I've been trying to figure this out:
Let $G$ be a group of order 189. Show that any two distinct Sylow 3-subgroups intersect in 27 elements.
I know that $189=3^3\times 7$, so there is at least one Sylow 3-subgroup of order 27. Furthermore, I know that there is either one or 7 Sylow 3-subgroups.
So if I'm interpreting the question correctly, I'm just supposed to prove that there is only one Sylow 3-subgroup of order 27? If so, how do I go about proving that?

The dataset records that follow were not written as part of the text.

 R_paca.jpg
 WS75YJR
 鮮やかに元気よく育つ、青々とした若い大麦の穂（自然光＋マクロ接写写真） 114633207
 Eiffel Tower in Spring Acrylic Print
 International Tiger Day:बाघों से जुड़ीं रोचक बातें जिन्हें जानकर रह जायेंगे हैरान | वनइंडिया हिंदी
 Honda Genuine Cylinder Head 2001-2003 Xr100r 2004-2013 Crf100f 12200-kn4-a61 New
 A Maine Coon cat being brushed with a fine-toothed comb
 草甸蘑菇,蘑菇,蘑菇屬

EDIT: I finally found out that this question had a typo. It is supposed to say "...intersect in 9 elements." I haven't figured this out yet either, so if anyone has hints I would appreciate it.

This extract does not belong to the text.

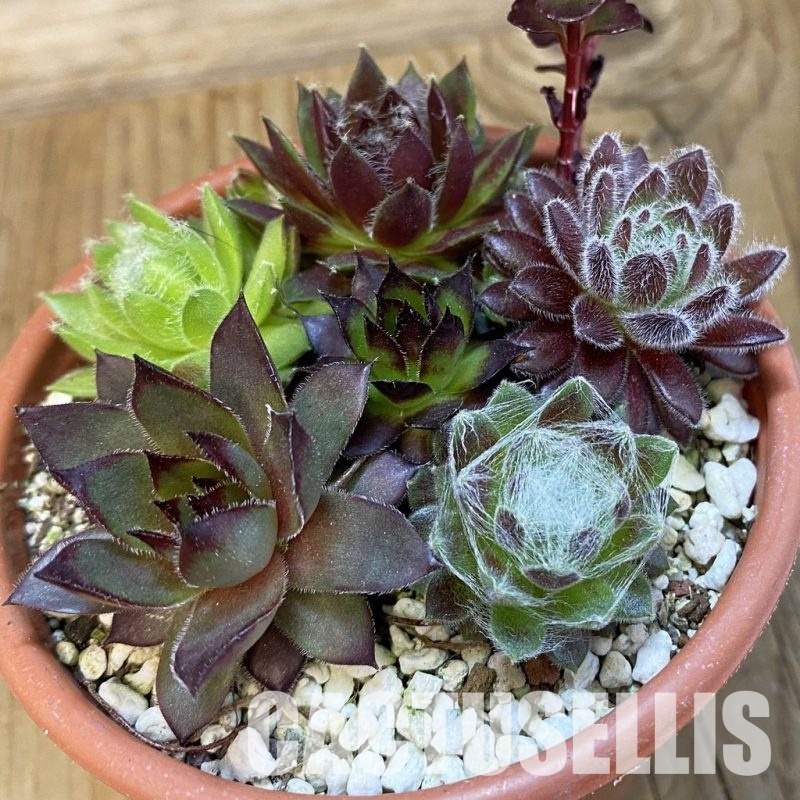 SH32145 Sempervivum mix (cold-resistant)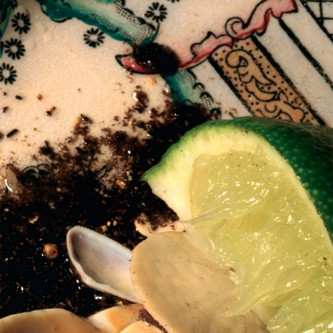 Album Donato Dozzy: Donato Dozzy Plays Bee Mask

The answer to the new question. The $7$-Sylow subgroup $S_7$ is cyclic and normal. Let $P$ be a 3-Sylow subgroup of order $27$. Then $S_7P$ has 189 elements, so $S_7P=G$, the whole group. So $G$ is a semidirect product of $S_7$ and $P$ corresponding to some homorphism $\phi: P\to Aut(S_7)$. The target group of this homomorphism is of order $6$, so $|\phi(P)|=3$ (it must be a power of 3 and if it is 1, $G$ is the direct product $S_7\times P$). So $K=Ker(\phi)$ is of order 9. That subgroup $K$ centralizes $S_7$ and is normal in $P$. Therefore for every $g\in G$, $g^{-1}Kg=K$. By the Sylow theorem then every 3-Sylov subgroup of $G$ must contain $K$. So the order of intersection of any two 3-Sylow subgroups is at least 9.